Layers Upon Layers

Joyce Campbell
Essays
Posted on 7 November 2023

I was raised on a thousand acres of hill-country farmland up the Mangapoike Valley, inland from Wairoa township. Until I was ten, I took the bus to the primary school in Frasertown, a small satellite village to the north of Wairoa surrounded by fertile river-flats and dotted with marae, orchards, and small family farms.

At intermediate age I began bussing into Wairoa for school, and the township in this period has crystallised in my mind as a kind of model for what ‘town’ means. Anything larger than Wairoa will always be a city to me. My mother was a science teacher at the local college, and I used to meet up with her at Wairoa Centennial Library on afternoons when we needed to do the shopping.

The Wairoa Centennial Library was opened in July 1961. Photographs of the opening convey the mid-century optimism of a town at its peak and detail the building’s bright modern lines. Taylor’s mural, adorning a two-storey central wall, is the centrepiece.

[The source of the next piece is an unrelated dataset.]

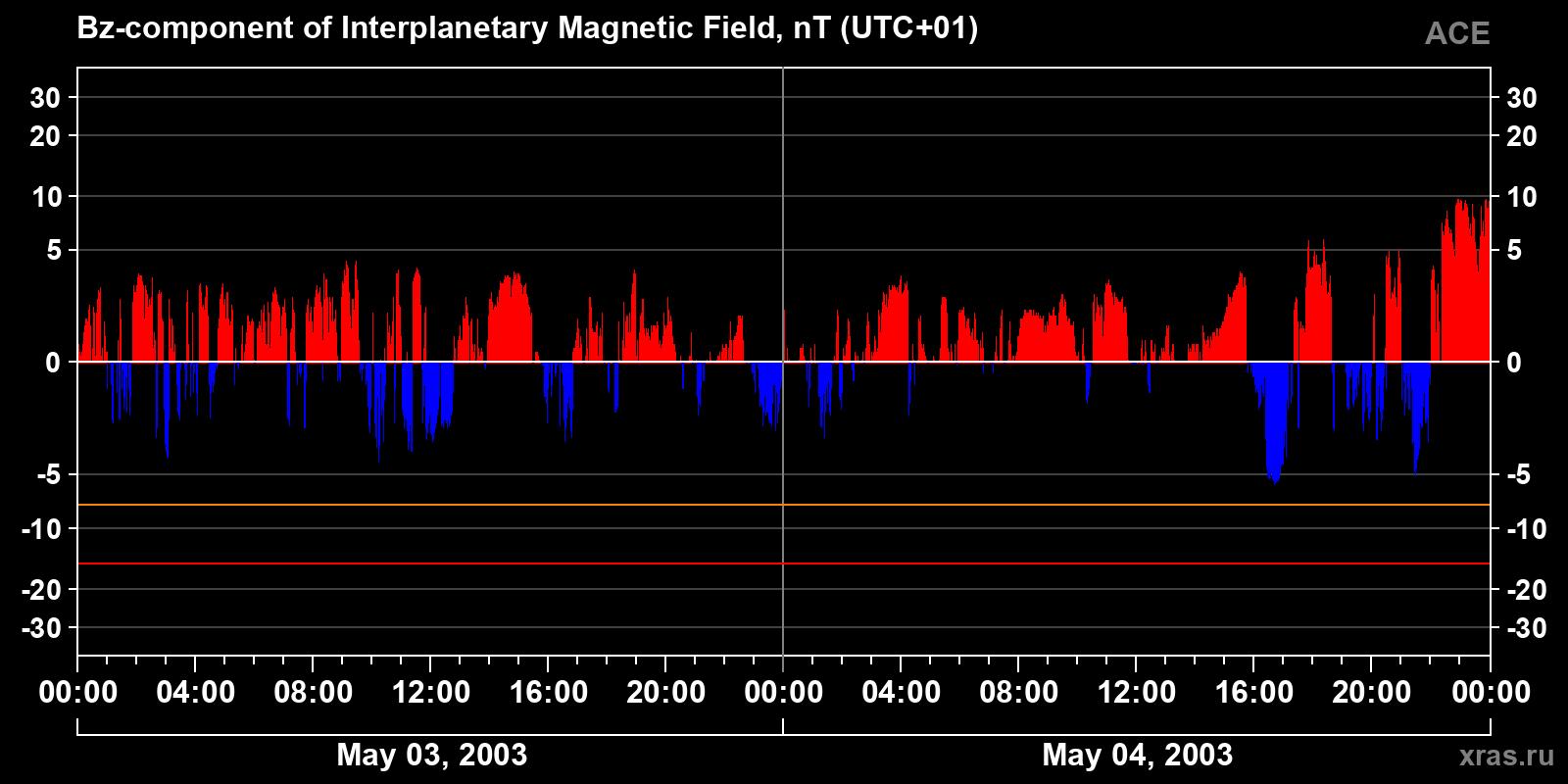 Component Bz of the interplanetary magnetic field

Ladies in hats and furs bely a provincial conservatism that was confirmed by Taylor’s son, who remembered being reprimanded by a local policeman for working on a Sunday while helping his father complete the mural.

E. Mervyn Taylor
Mural for the Wairoa Centennial Library, Hawke’s Bay

oil on board (1961)
3500 x 3160mm: overall

Provenance
Commissioned by Mr Jack Livingstone for the Wairoa Centennial Library, 1961.
Decommissioned from the library, 2001 and returned to the Livingstone family, 2003.
Passed by descent to the current owner.

$80 000 - $120 000

View lot here

Do I remember Taylor’s mural? Yes, in that incidental way in which children take on the visual details of their surroundings, details that seem inherently to belong to them. I chose my books from the featured titles table in front of Taylor’s mural. It was a seamlessly compressed image of the history and physicality of the landscape I was about to travel through to get home. I was already familiar with Taylor’s style, which I now associate with a distinctly New Zealand bicultural nationalist aesthetic. The clear, elegant lines drawn from the craft of wood engraving, the inherently accessible symbolism and the fusion of Māori and Pākehā elements were typical of the illustrations I’d seen in School Journals. Taylor had pioneered the style as the journal’s first art editor, and it is now strongly associated with the progressive education movement.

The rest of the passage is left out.